• [What is expected]:
Copy the records below exactly, starting at the line that contains "2 Arbor Road , Syosset, NY 11791" and ending at the line that contains "BMW 5 Serie"; leave out any pictures.
======== Data provided
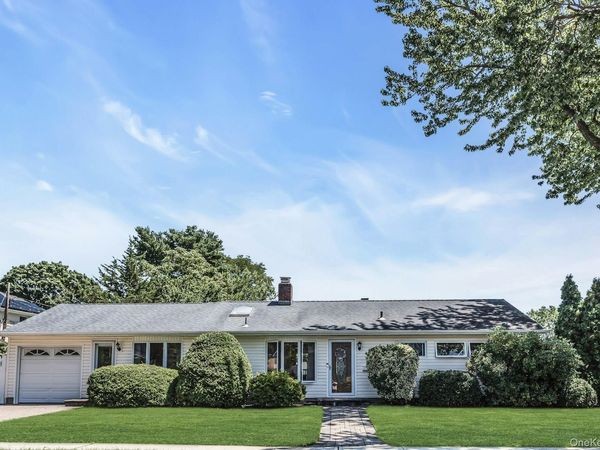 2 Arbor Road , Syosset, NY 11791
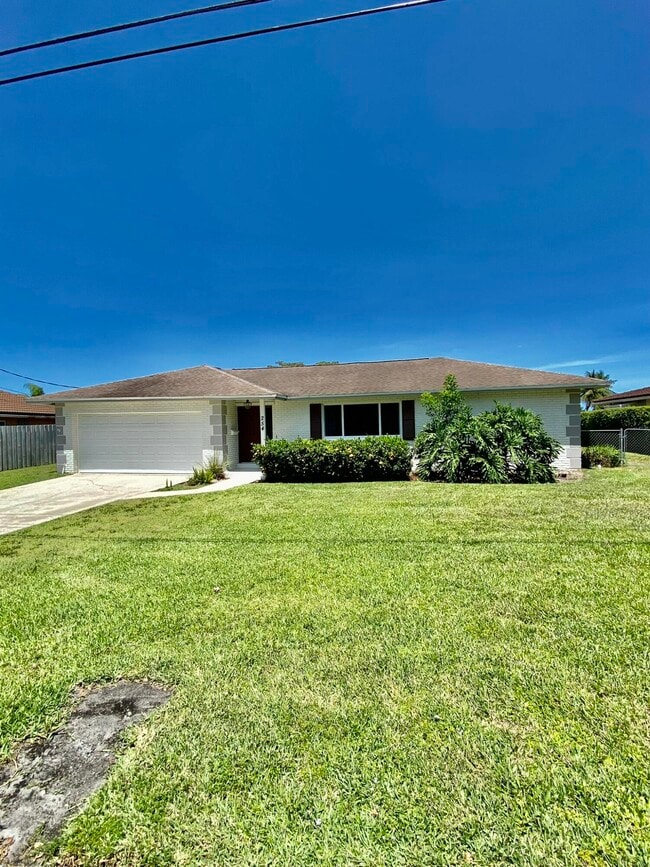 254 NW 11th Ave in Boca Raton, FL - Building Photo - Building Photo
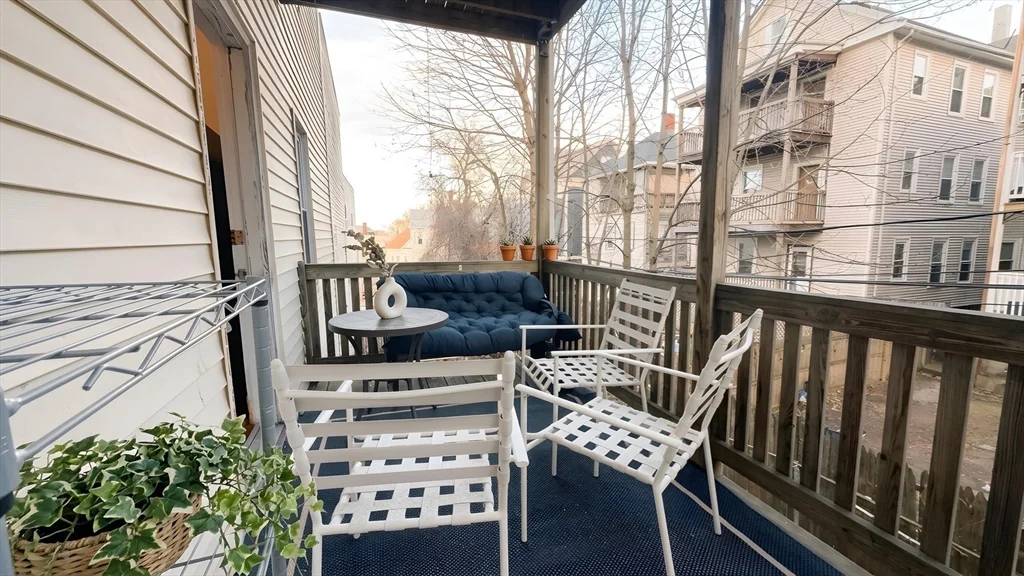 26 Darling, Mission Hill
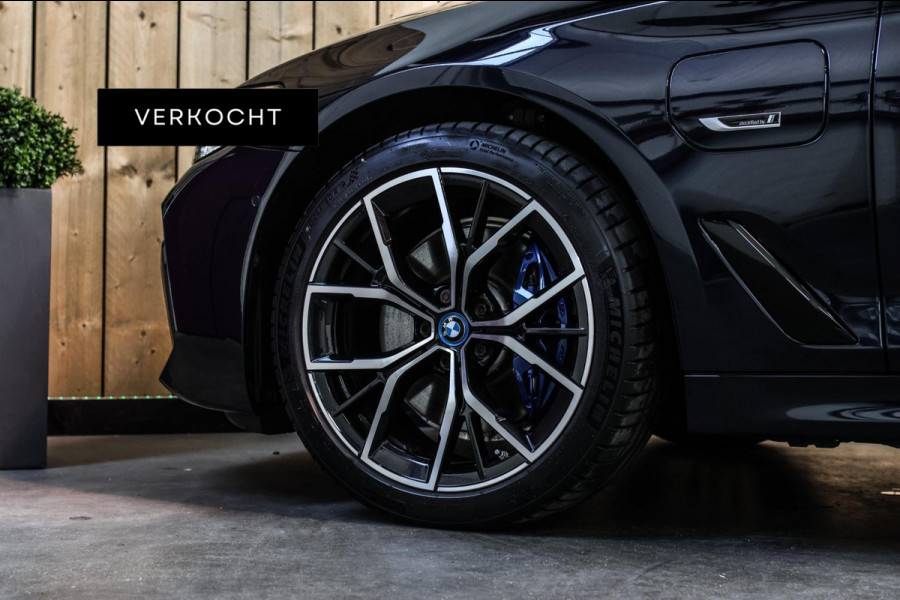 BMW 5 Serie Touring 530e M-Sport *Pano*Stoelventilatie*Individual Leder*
================
======== Data provided
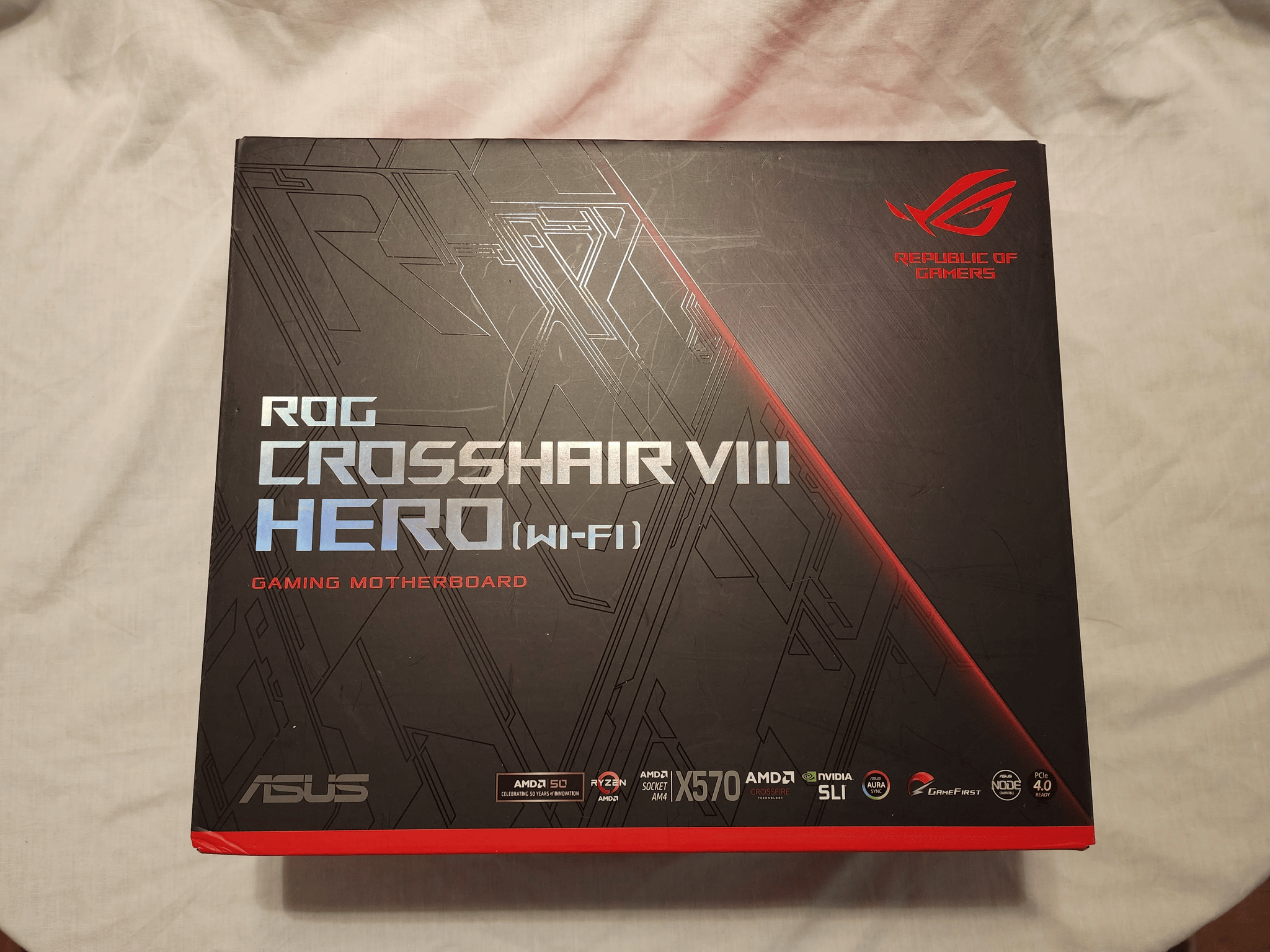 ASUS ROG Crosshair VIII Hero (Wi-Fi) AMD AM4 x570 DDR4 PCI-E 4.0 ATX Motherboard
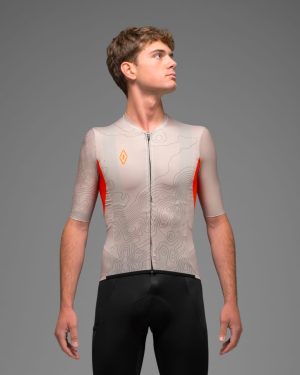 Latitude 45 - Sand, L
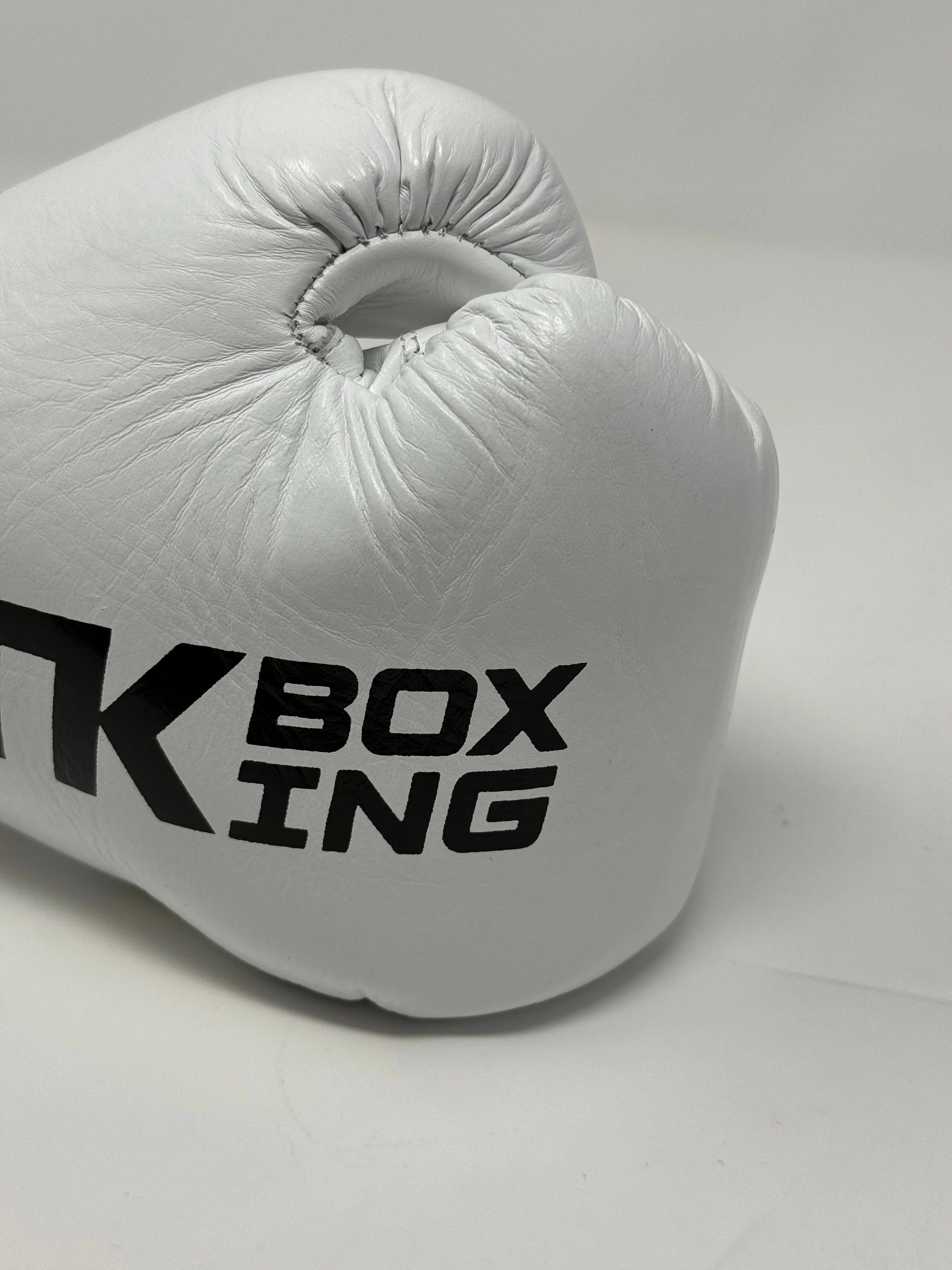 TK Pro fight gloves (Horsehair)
================
• [Result of this task]:
 2 Arbor Road , Syosset, NY 11791
 254 NW 11th Ave in Boca Raton, FL - Building Photo - Building Photo
 26 Darling, Mission Hill
 BMW 5 Serie Touring 530e M-Sport *Pano*Stoelventilatie*Individual Leder*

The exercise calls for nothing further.